Oct 21, 2024
Posted by
Attila Toth
People create, capture, and consume more data than ever before. A large portion of this data volume is timestamped, a.k.a. time-series data.
So it’s not surprising that the time-series database (TSDB) category has seen a lot of growth in popularity in the past five years.
In this post, we’ll introduce these databases and explain how they can work for you.
A time-series database is a type of database specifically designed for handling time-stamped or time-series data. Time-series data are simply measurements or events that are tracked, monitored, downsampled, and aggregated over time.
Time-series data includes server metrics, application performance monitoring data, network data, sensor data, and more.
Since time-series data is time-centric, recent, and normally append-only, a time-series database (TSDB) leverages these foundational characteristics to store time-series data more simply and efficiently than general databases.
Time-series databases are optimized to handle data that arrives in time order. They are particularly designed to store, query, and analyze data points with a timestamp associated with them.
In traditional relational databases, time is often treated as just another column, but in a time-series database, time is fundamental. Every piece of data is associated with a timestamp, which enables the database to handle the special characteristics of time-series data—such as:
You might ask: Why can’t I just use a “normal” (i.e., non-time-series) database?
Well, you can, and some people do. However, once tables start getting big, relational databases like PostgreSQL get too slow for time-series data.
Time-series data accumulates very quickly, and relational databases are not designed to handle that scale (at least not in an automated way).

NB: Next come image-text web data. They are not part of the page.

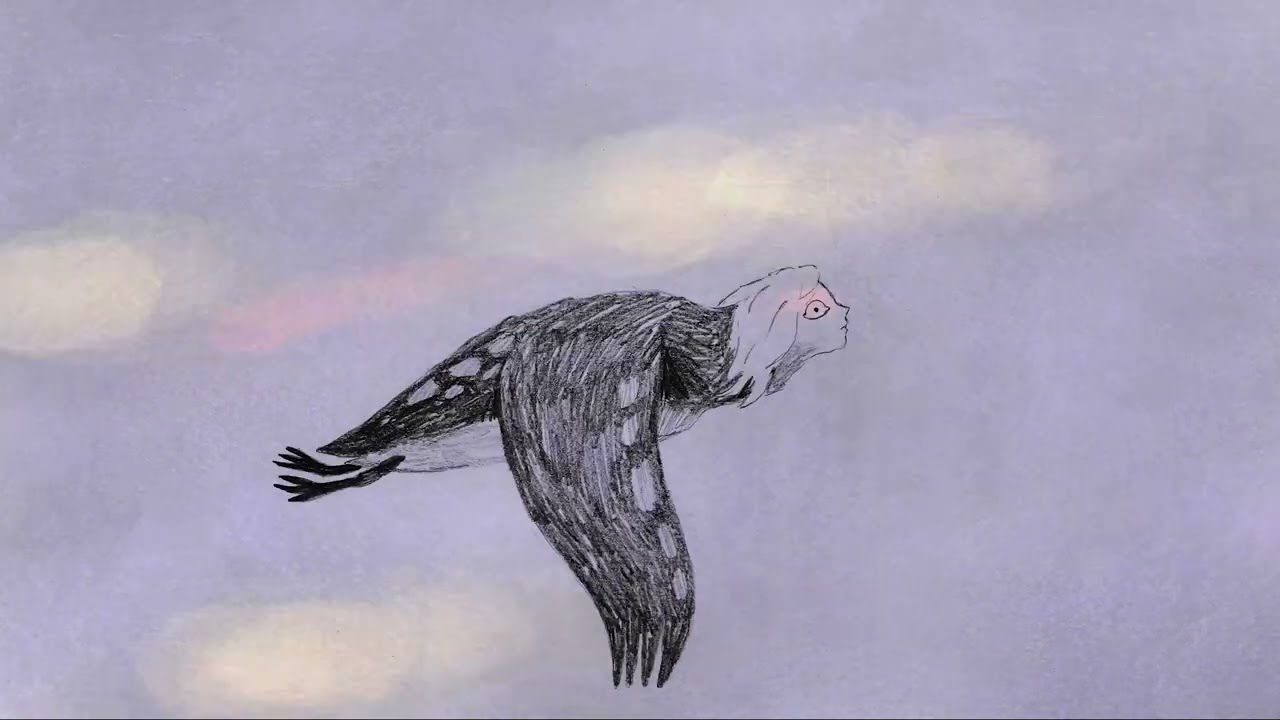 Loons Have Solid Bones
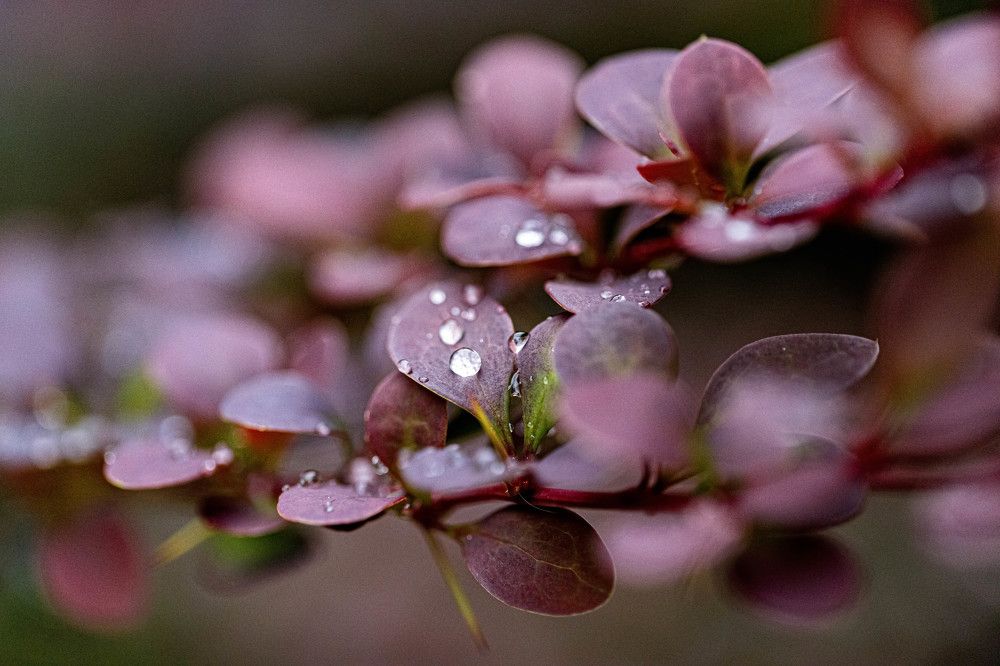 Photograph by Biryukova Anastasia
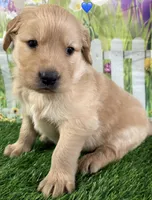 Blue, a male Golden Retriever for sale in Tahlequah, OK – Photo 9 of 10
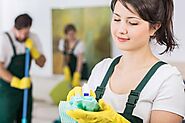 professional cleaning companies chevy chase md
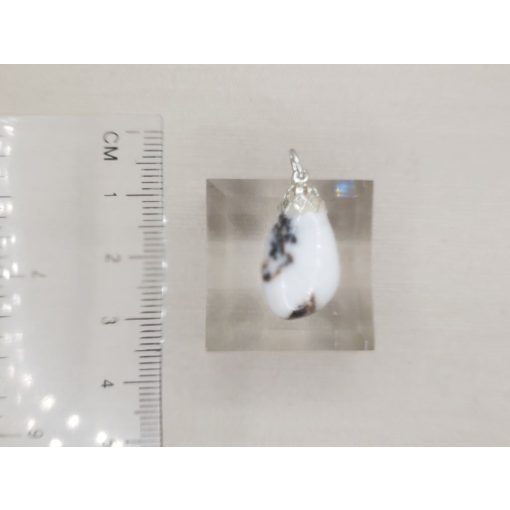 Zebra jáspis medál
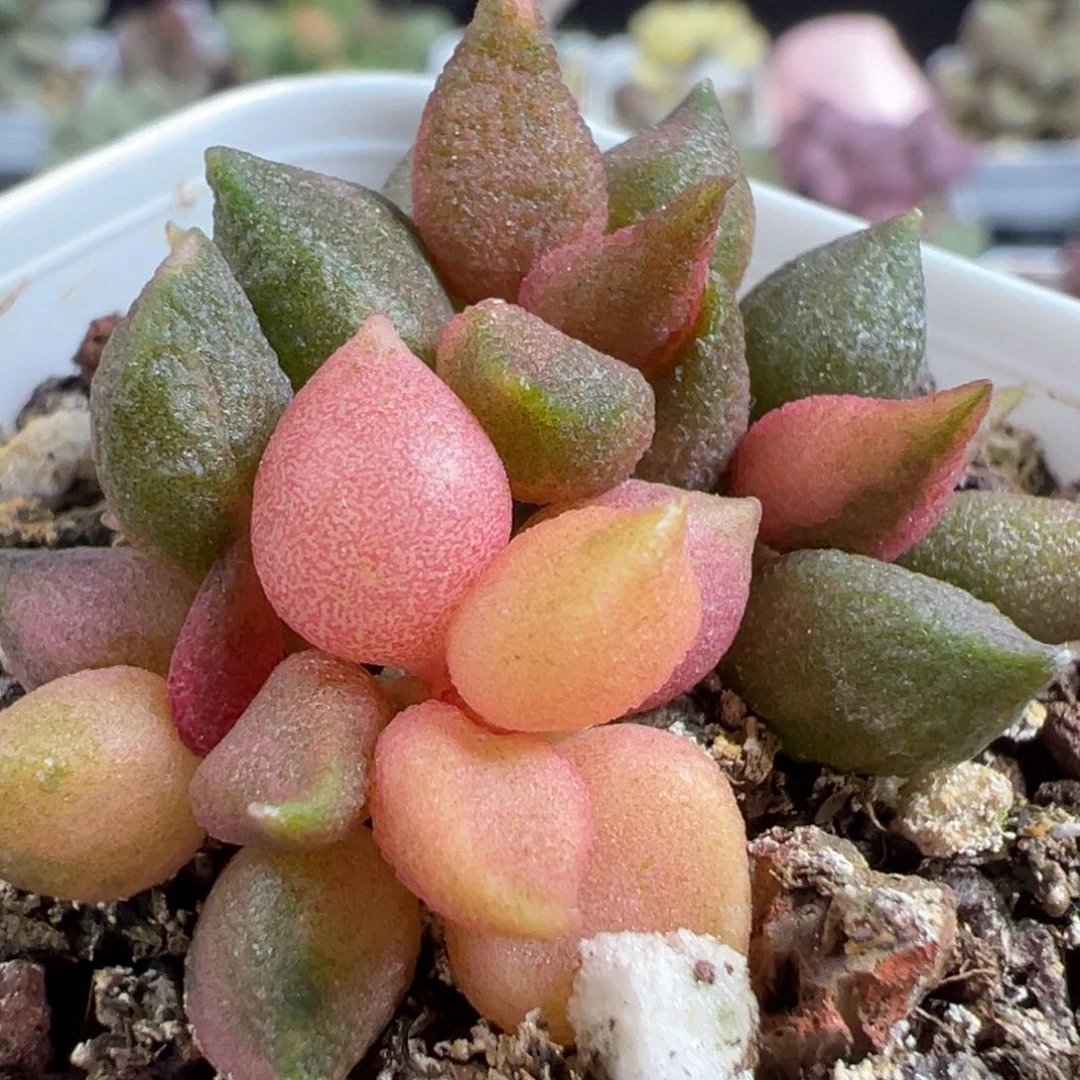 无花朵小辣椒锦多头纯木质的桩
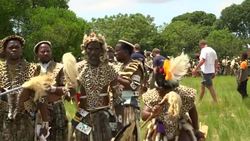 VOICED : Zulu worshippers don fake fur to save Sou News Clip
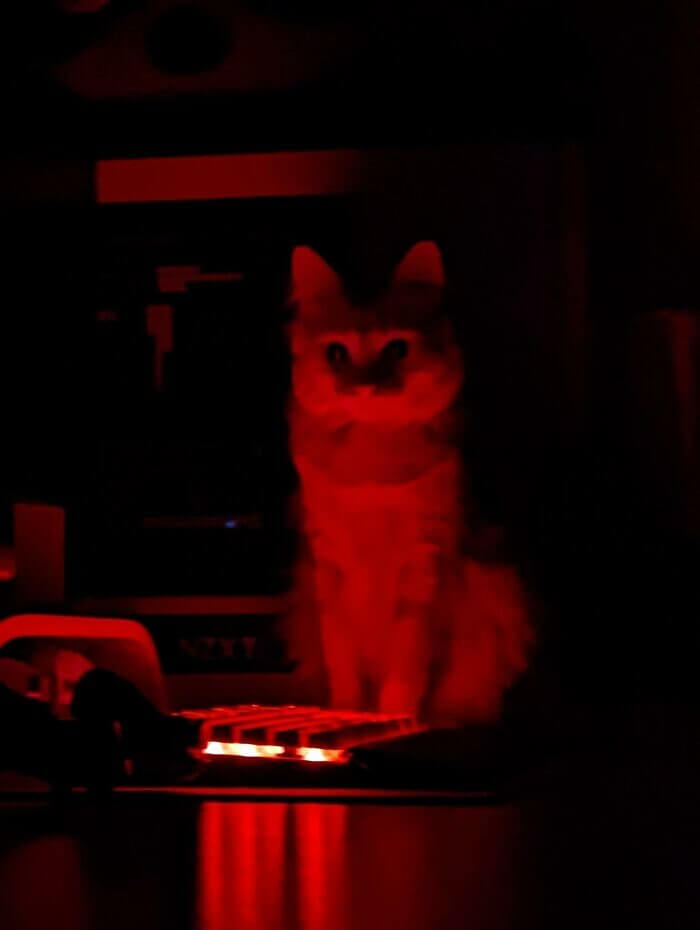 A Cat's Nightly Glowing Red Hobby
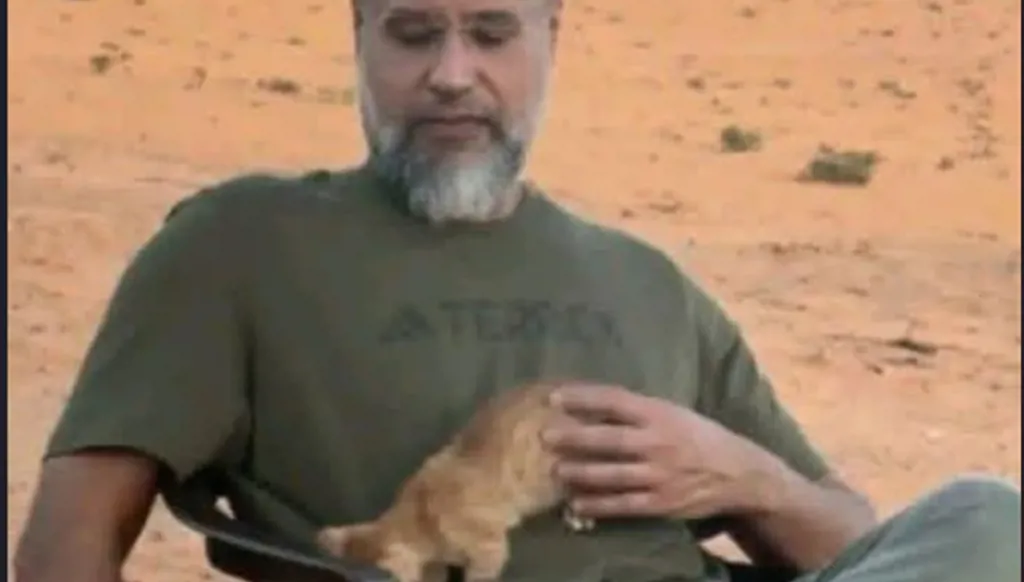 "تبحث عنه"… قطة سيف الإسلام القذافي تشعل التعاطف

Traditionally, relational databases fare poorly with vast datasets, and NoSQL databases are hailed as the best performers at scale.
But the truth is that, with some engineering fine-tuning, PostgreSQL can be turned into a time-series database—actually performing much better than other specialized solutions (as we've shown in benchmarks versus InfluxDB and MongoDB).
TSDBs—whether relational or NoSQL-based—introduce efficiencies that are only possible when the time element is treated as a first-class citizen.
These efficiencies allow them to offer massive scale, from performance improvements, including higher ingest rates and faster queries at scale (although some support more queries than others) to better data compression.
Even if you don't often refer to your data as time-series data, they might be. A few examples of specific time-series data types:
If you want to know if your data is time-series data, this is the litmus test: does your data have some kind of timestamp or time element related to it, even if that may not be its main dimension? If the answer is “yes,” you’re dealing with time-series data.
Let’s say you’re monitoring servers for CPU and memory usage. Here’s how you might create a hypertable for storing these metrics in TimescaleDB, insert data, and run a query to analyze recent trends.
CREATE TABLE server_metrics (
time TIMESTAMPTZ NOT NULL,
server_id TEXT NOT NULL,
cpu_usage DOUBLE PRECISION NOT NULL,
memory_usage DOUBLE PRECISION NOT NULL
);
-- Convert the table into a hypertable
SELECT create_hypertable('server_metrics', 'time');
INSERT INTO server_metrics (time, server_id, cpu_usage, memory_usage)
VALUES
(NOW() - INTERVAL '5 minutes', 'server1', 0.85, 0.75),
(NOW() - INTERVAL '4 minutes', 'server2', 0.70, 0.65),
(NOW() - INTERVAL '3 minutes', 'server1', 0.90, 0.78),
(NOW() - INTERVAL '2 minutes', 'server3', 0.95, 0.80),
(NOW() - INTERVAL '1 minute', 'server2', 0.72, 0.68);
SELECT time, server_id, cpu_usage
FROM server_metrics
WHERE time > NOW() - INTERVAL '10 minutes'
ORDER BY time DESC;
This query quickly retrieves the most recent CPU usage trends, taking advantage of TimescaleDB’s time-range optimization.
SELECT server_id,
time_bucket('1 minute', time) AS bucket,
AVG(cpu_usage) AS avg_cpu_usage
FROM server_metrics
WHERE time > NOW() - INTERVAL '1 hour'
GROUP BY server_id, bucket
ORDER BY bucket DESC;
This allows you to bucket and analyze CPU usage trends across servers over the past hour, giving you valuable insights into performance.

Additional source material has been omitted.